As Homelessness Contracts Leave the City, Seattle Still Wants a Say In How Its Money Gets Spent

Councilmember Andrew Lewis
Councilmember Andrew Lewis

 

By Erica C. Barnett

At the end of 2021, the city of Seattle will cede direct control over all its existing homeless service contracts to the King County Regional Homeless Authority. But the city’s 2022 budget deliberations have made one thing clear: The city still expects to have a direct hand in how the money it provides to the authority gets spent, down to the line-item level of earmarking funds for specific purposes.

The city could send the new authority up to $150 million next year, including both funding for existing contracts (which the authority will retain, unchanged, in 2022) and for extras requested by city council members and the KCRHA itself.  Of about $40 million city council members have proposed adding to the city’s budget for homeless services next year, about $12 million would expand or extend existing programs or fund new priorities, all through what the budget describes as “contracts” between the Human Services Department and the KCRHA, which is independent from the city.

For example, three budget amendments from homelessness committee chair Andrew Lewis would provide a total of $1.5 million for YouthCare, which serves youth and young adults, to provide COVID pay and time off for workers and continue or expand programs like a youth shelter relocated to a larger location during COVID and a barista training program. Another amendment, by Councilmember Dan Strauss, would expand funding for the city’s RV outreach and parking ticket mitigation program, which Durkan, for the second year in a row, has proposed eliminating.

A spokeswoman for the KCRHA, Anne Martens, said that any money the council adds through the city’s budget process “will be included in our service agreement with the City” but referred more detailed questions about how the contracts would work to HSD. According a spokesman for HSD, the contracts will be part of a “master services agreement” between the homelessness authority and the city, similar to an existing agreement between the city and county for public health services. 

Councilmember Andrew Lewis acknowledged that the city has few options to require the authority to spend money in a specific way, since the KCRHA is not part of the city, beyond passing a budget restriction called a proviso stipulating that the city won’t provide funding unless it goes to a specific purpose.

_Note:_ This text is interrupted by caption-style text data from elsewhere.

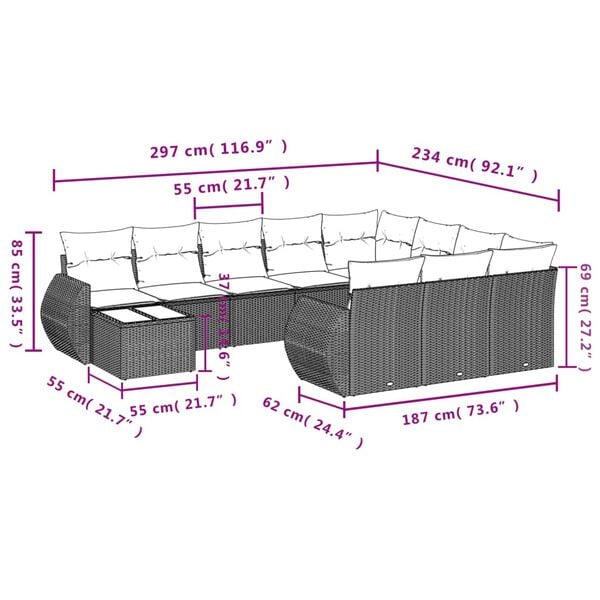 Productafbeelding 3 van 17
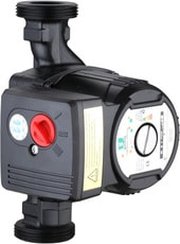 Pumpman GRS25 фото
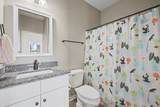 618 Anjali Court - Photo 18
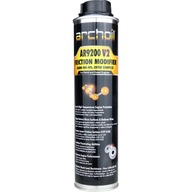 MODIFIKÁTOR TRENIA ARCHOIL AR9200 V2 400ML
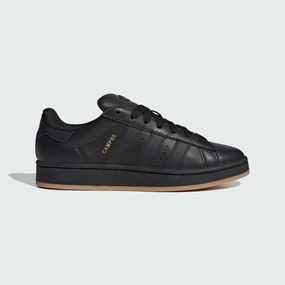 ZAPATILLA ADIDAS ORIGINALS CAMPUS 00S Heat Jog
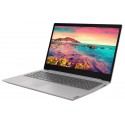 Ноутбук Lenovo IdeaPad S145-15 (81VD006XRA)
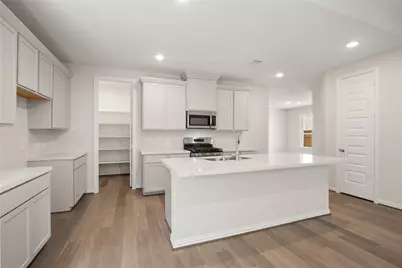 308 Snow Goose Court, Willis, TX 77318 - Photo 13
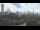 Webcam in Chicago, Illinois, 10.5 mi away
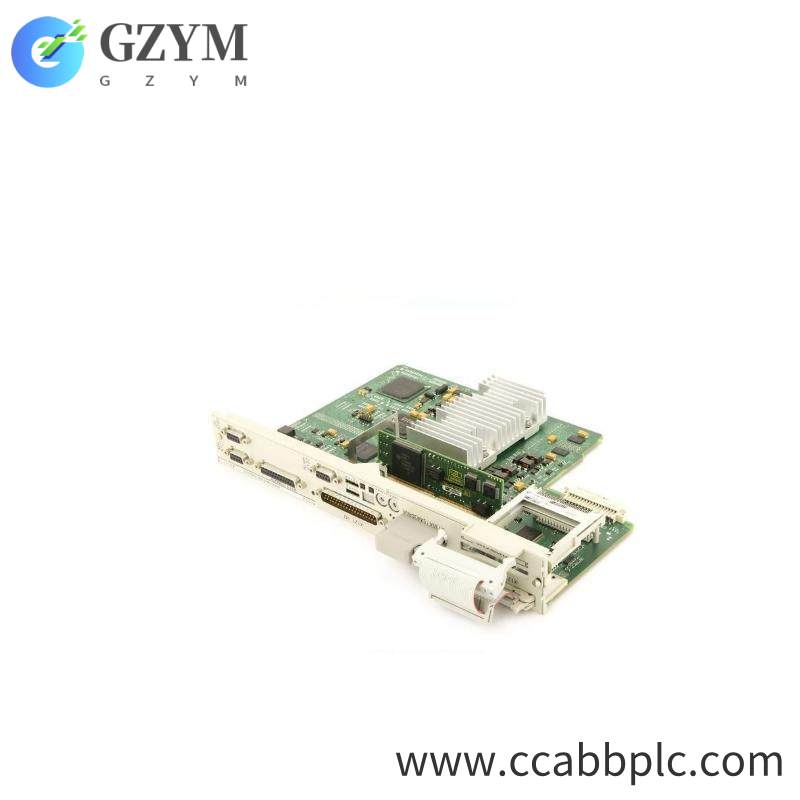 SIEMENS 6FC5357-0BB25-0AB0 Drives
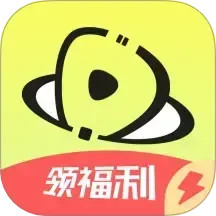 趣刷2025官方新版图标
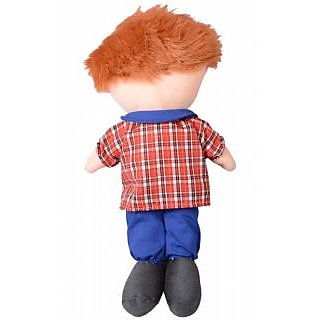 Tickles Tatya Vinchu Lage Raho Beautiful Kids Birthday Gift Soft Plush Toy It was directed by mahesh kothare. tickles tatya vinchu lage raho beautiful kids birthday gift soft plush toy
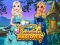 Spel BFF Fairytale Makeover på nätet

In addition to the amendments council members initiated on their own, the authority is asking for $27.6 million to fund a new high-acuity shelter for people living with serious physical and behavioral health challenges downtown, peer navigators to help unhoused access shelter and services, and funding for administrative costs that the KCRHA didn’t include in its initial budget.

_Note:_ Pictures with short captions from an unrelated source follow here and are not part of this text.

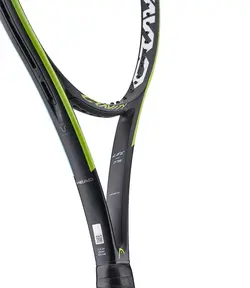 راکت تنیس هد Gravity Lite 2021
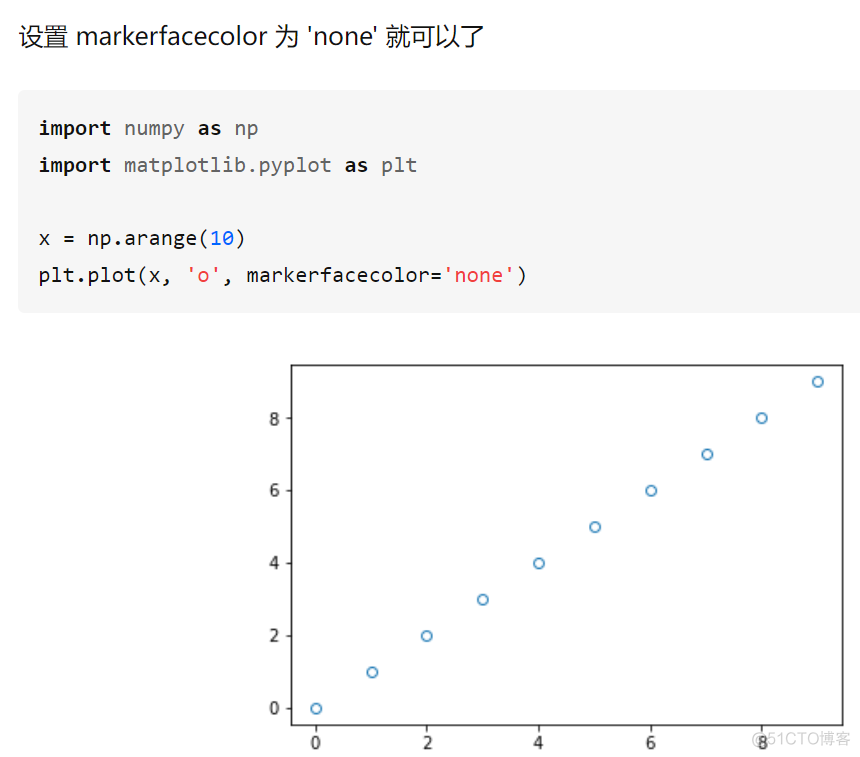 python 获取mat数据的行列信息 python读取mat数据画图_图例_13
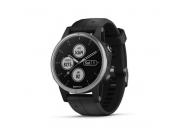 Garmin Fenix 5S Plus Reloj Smartwatch - Pantalla 1.2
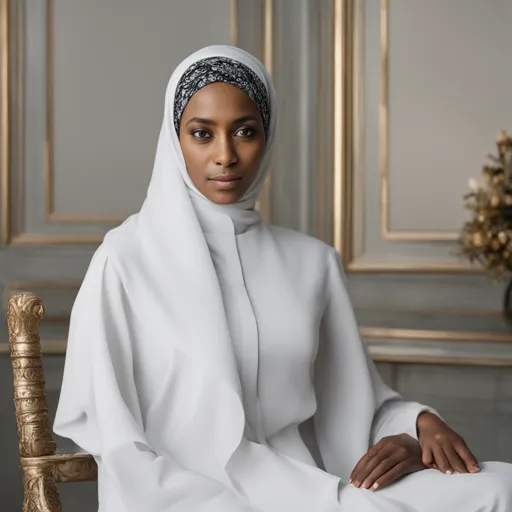 Islah Abdur-Rahman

Lewis, who sits on the regional authority’s governing board, acknowledged that the city has few options to require the authority to spend money in a specific way, since the KCRHA is not part of the city, beyond passing a budget restriction called a proviso stipulating that the city won’t provide funding unless it goes to a specific purpose. Councilmember Kshama Sawant has proposed just such a proviso on $9 million in funding for the authority, which, under her amendment, could only fund new and existing tiny house villages, a shelter type that KCRHA CEO Marc Dones has frequently criticized.

In recent years, the council has used provisos to try to prevent Mayor Jenny Durkan from repurposing funds for her own budget priorities, with mixed success.

Lewis said he isn’t too worried about the authority using city funds for a purpose the city didn’t intend. “I don’t really anticipate that, at this point, being an issue,” he said. However, if the KCRHA wanted to reallocate funds the city had earmarked and spend them on another purpose, Lewis added, they would need approval from the authority’s governing board, which includes three representatives from the city itself, plus the King County Executive.

Under the KCRHA’s charter, an implementation board of experts is responsible for writing the authority’s annual budget, but a governing board made up mostly of elected officials, including three from Seattle plus the King County Executive, can veto or amend the budget. “The governing board retains the power to veto the budget or send it back to the implementation board to work on some areas if the governing board isn’t satisfied with the initial budget,” Lewis said. “Those are the controls right now.”

Two years ago, when the city was debating the structure of the new authority, some elected officials expressed concern that this two-board structure would give too much power to politicians and not enough to subject-matter experts and people with lived experience of homelessness. The fact that the authority’s budget depends so heavily on Seattle is the fallout from another argument Seattle essentially lost: In response to concerns about taxation from suburban cities, the KCRHA is prohibited from raising any money on its own behalf. The KCRHA is funded entirely by the city of Seattle and King County; suburban cities, which hold several positions on the governing board, contribute nothing financially to the agency.